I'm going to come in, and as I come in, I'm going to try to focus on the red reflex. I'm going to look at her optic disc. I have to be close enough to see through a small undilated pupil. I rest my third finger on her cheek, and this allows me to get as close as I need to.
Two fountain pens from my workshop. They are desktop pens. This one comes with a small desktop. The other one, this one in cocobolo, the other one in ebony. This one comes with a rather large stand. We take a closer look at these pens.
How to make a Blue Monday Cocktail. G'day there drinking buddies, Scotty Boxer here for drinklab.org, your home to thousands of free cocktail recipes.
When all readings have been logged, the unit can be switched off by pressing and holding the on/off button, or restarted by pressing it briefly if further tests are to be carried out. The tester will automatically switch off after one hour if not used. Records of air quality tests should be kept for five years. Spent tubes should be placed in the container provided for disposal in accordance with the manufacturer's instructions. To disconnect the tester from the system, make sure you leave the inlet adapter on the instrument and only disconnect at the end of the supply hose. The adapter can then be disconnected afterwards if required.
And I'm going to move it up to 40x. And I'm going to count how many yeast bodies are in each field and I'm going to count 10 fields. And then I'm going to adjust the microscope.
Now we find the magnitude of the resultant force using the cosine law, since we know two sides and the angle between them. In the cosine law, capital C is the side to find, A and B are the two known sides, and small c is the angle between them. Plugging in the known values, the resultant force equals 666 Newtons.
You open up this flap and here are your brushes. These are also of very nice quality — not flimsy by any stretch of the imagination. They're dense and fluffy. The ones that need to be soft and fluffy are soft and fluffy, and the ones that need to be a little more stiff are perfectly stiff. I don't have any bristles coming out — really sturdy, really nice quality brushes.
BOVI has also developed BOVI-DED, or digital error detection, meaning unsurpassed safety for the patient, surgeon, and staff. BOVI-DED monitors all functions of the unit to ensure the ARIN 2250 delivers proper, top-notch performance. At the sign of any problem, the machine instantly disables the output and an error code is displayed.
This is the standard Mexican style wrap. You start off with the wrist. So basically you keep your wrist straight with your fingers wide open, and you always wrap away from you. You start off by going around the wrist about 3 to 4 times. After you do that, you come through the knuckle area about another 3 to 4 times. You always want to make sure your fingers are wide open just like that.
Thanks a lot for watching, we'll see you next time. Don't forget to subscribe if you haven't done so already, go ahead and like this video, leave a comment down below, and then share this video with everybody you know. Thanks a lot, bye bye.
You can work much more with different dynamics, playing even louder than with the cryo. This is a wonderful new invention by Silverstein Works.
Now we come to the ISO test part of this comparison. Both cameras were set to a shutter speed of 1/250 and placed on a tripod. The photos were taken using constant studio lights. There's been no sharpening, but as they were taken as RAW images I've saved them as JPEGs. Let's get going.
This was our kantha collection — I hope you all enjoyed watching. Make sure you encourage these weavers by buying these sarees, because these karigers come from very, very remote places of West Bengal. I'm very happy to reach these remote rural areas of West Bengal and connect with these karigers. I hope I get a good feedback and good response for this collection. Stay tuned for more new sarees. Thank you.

*-*-*

Activity: Could you give the data again, word for word?

Written response:
I'm going to come in, and as I come in, I'm going to try to focus on the red reflex. I'm going to look at her optic disc. I have to be close enough to see through a small undilated pupil. I rest my third finger on her cheek, and this allows me to get as close as I need to.
Two fountain pens from my workshop. They are desktop pens. This one comes with a small desktop. The other one, this one in cocobolo, the other one in ebony. This one comes with a rather large stand. We take a closer look at these pens.
How to make a Blue Monday Cocktail. G'day there drinking buddies, Scotty Boxer here for drinklab.org, your home to thousands of free cocktail recipes.
When all readings have been logged, the unit can be switched off by pressing and holding the on/off button, or restarted by pressing it briefly if further tests are to be carried out. The tester will automatically switch off after one hour if not used. Records of air quality tests should be kept for five years. Spent tubes should be placed in the container provided for disposal in accordance with the manufacturer's instructions. To disconnect the tester from the system, make sure you leave the inlet adapter on the instrument and only disconnect at the end of the supply hose. The adapter can then be disconnected afterwards if required.
And I'm going to move it up to 40x. And I'm going to count how many yeast bodies are in each field and I'm going to count 10 fields. And then I'm going to adjust the microscope.
Now we find the magnitude of the resultant force using the cosine law, since we know two sides and the angle between them. In the cosine law, capital C is the side to find, A and B are the two known sides, and small c is the angle between them. Plugging in the known values, the resultant force equals 666 Newtons.
You open up this flap and here are your brushes. These are also of very nice quality — not flimsy by any stretch of the imagination. They're dense and fluffy. The ones that need to be soft and fluffy are soft and fluffy, and the ones that need to be a little more stiff are perfectly stiff. I don't have any bristles coming out — really sturdy, really nice quality brushes.
BOVI has also developed BOVI-DED, or digital error detection, meaning unsurpassed safety for the patient, surgeon, and staff. BOVI-DED monitors all functions of the unit to ensure the ARIN 2250 delivers proper, top-notch performance. At the sign of any problem, the machine instantly disables the output and an error code is displayed.
This is the standard Mexican style wrap. You start off with the wrist. So basically you keep your wrist straight with your fingers wide open, and you always wrap away from you. You start off by going around the wrist about 3 to 4 times. After you do that, you come through the knuckle area about another 3 to 4 times. You always want to make sure your fingers are wide open just like that.
Thanks a lot for watching, we'll see you next time. Don't forget to subscribe if you haven't done so already, go ahead and like this video, leave a comment down below, and then share this video with everybody you know. Thanks a lot, bye bye.
You can work much more with different dynamics, playing even louder than with the cryo. This is a wonderful new invention by Silverstein Works.
Now we come to the ISO test part of this comparison. Both cameras were set to a shutter speed of 1/250 and placed on a tripod. The photos were taken using constant studio lights. There's been no sharpening, but as they were taken as RAW images I've saved them as JPEGs. Let's get going.
This was our kantha collection — I hope you all enjoyed watching. Make sure you encourage these weavers by buying these sarees, because these karigers come from very, very remote places of West Bengal. I'm very happy to reach these remote rural areas of West Bengal and connect with these karigers. I hope I get a good feedback and good response for this collection. Stay tuned for more new sarees. Thank you.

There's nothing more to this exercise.